TASK INPUT:
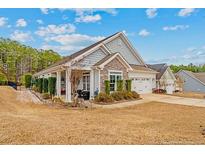 Charming single-story home featuring stone accents, a manicured lawn, and an attached two-car garage at 15 Glenwood Ct, Spring Lake, NC 28390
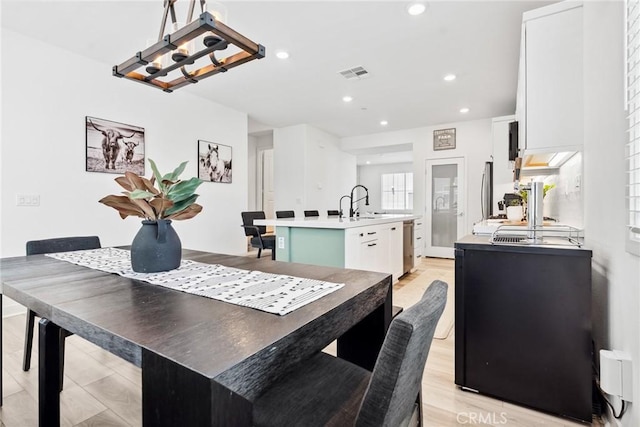 10 Wisteria St, Rancho Mission Viejo, CA 92694 - dining space with recessed lighting, a chandelier, and light wood-style floors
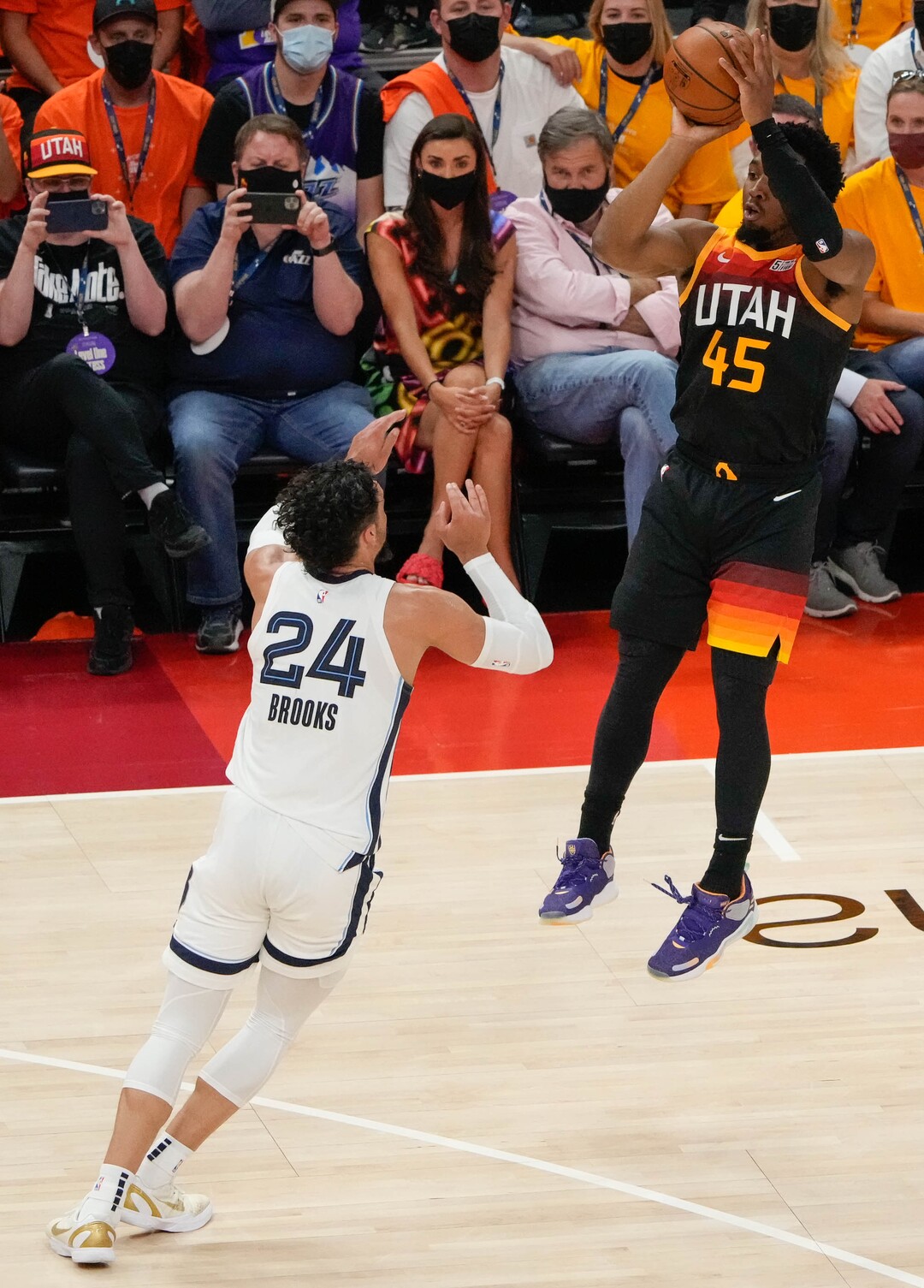 (Francisco Kjolseth | The Salt Lake Tribune) Utah Jazz guard Donovan Mitchell (45) nails the three pointer in the finals seconds of the first half over Memphis Grizzlies forward Dillon Brooks (24) in Game 5 of an NBA basketball first-round playoff series Wednesday, June 2, 2021, in Salt Lake City, UT.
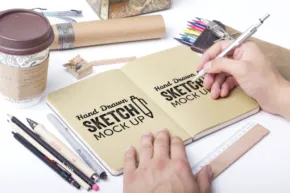 A person sketches in a notebook labeled "sketch book," surrounded by art supplies and a coffee cup. - PSD Mockup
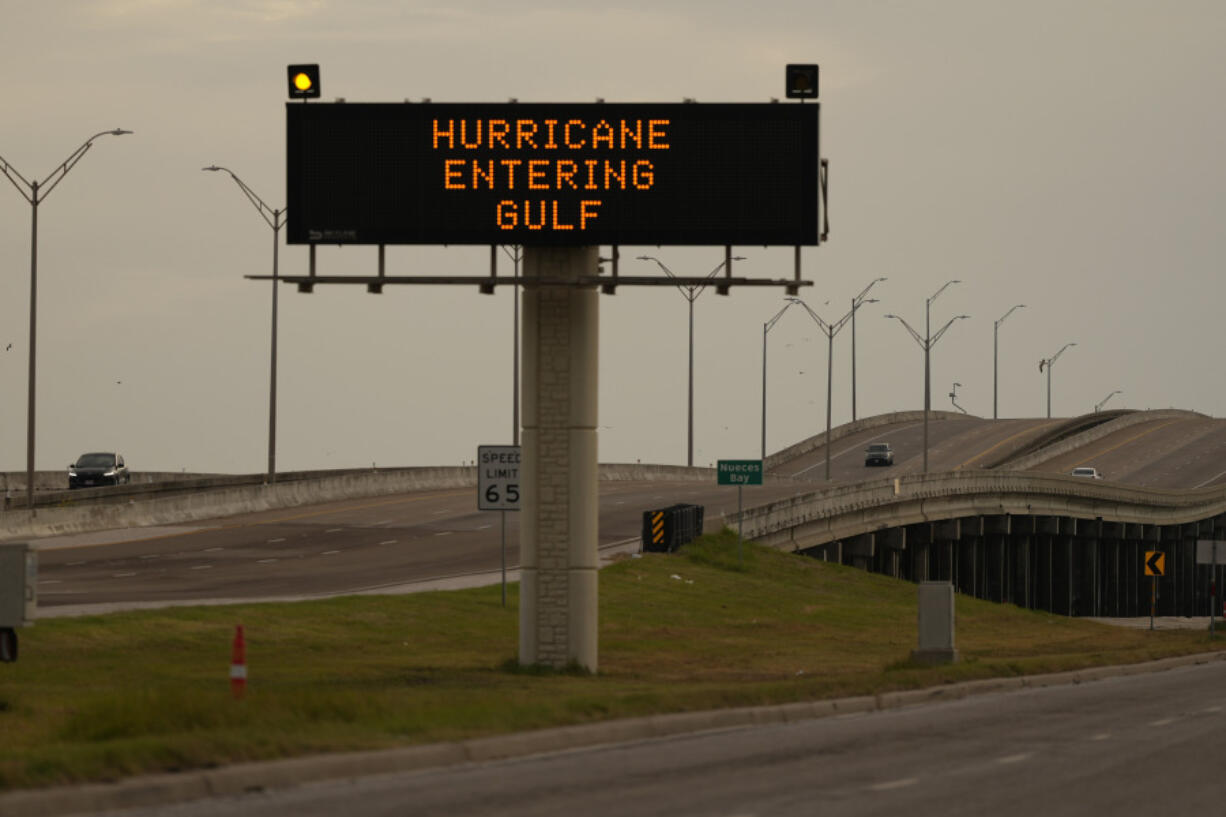 A sign notifies motorists to prepare for Hurricane Beryl, Sunday, July 7, 2024, in Portland, Texas.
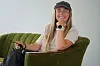 Smilende kvinne i svart caps sitter i en grønn stol og holder et kamera.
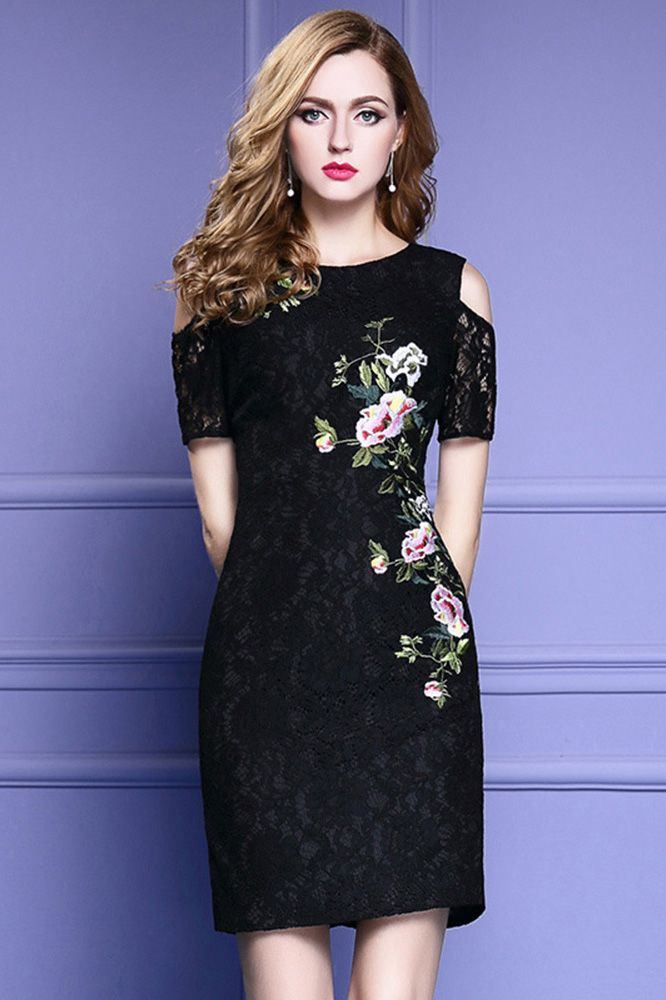 a woman in a black coldshoulder lace dress with floral embroidery stands against a purple background. the dress is fitted and shortsleeved, ending above the knee. she is looking directly at the camera, and her hair is styled in soft waves.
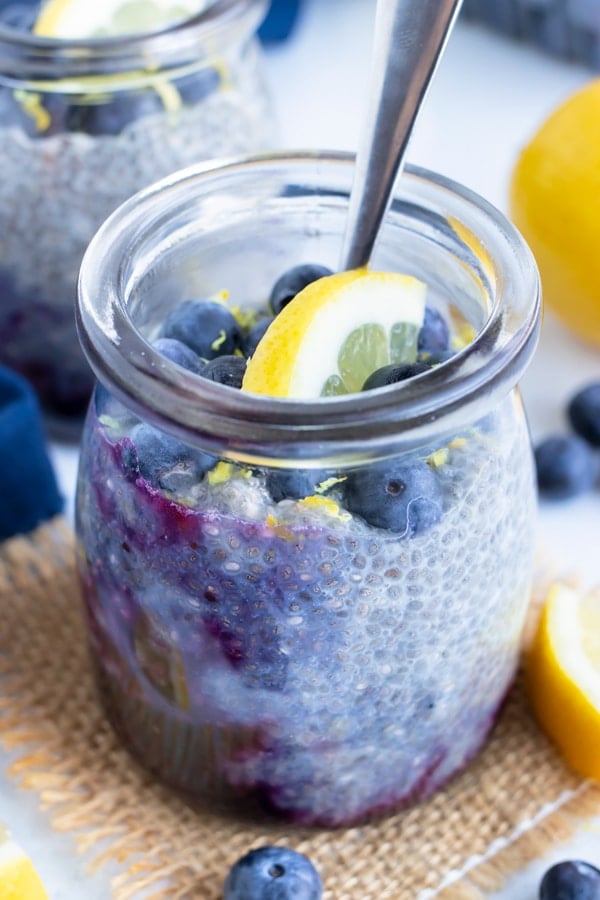 Fresh blueberries and a lemon slice on top of a glass jar full of a vegan chia pudding.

EXERCISE BRIEF: Leaving out the pictures, print each line of the records above from the first up to and including the one that contains "(Francisco Kjolseth |", exactly as written.

EXPECTED OUTPUT:
 Charming single-story home featuring stone accents, a manicured lawn, and an attached two-car garage at 15 Glenwood Ct, Spring Lake, NC 28390
 10 Wisteria St, Rancho Mission Viejo, CA 92694 - dining space with recessed lighting, a chandelier, and light wood-style floors
 (Francisco Kjolseth | The Salt Lake Tribune) Utah Jazz guard Donovan Mitchell (45) nails the three pointer in the finals seconds of the first half over Memphis Grizzlies forward Dillon Brooks (24) in Game 5 of an NBA basketball first-round playoff series Wednesday, June 2, 2021, in Salt Lake City, UT.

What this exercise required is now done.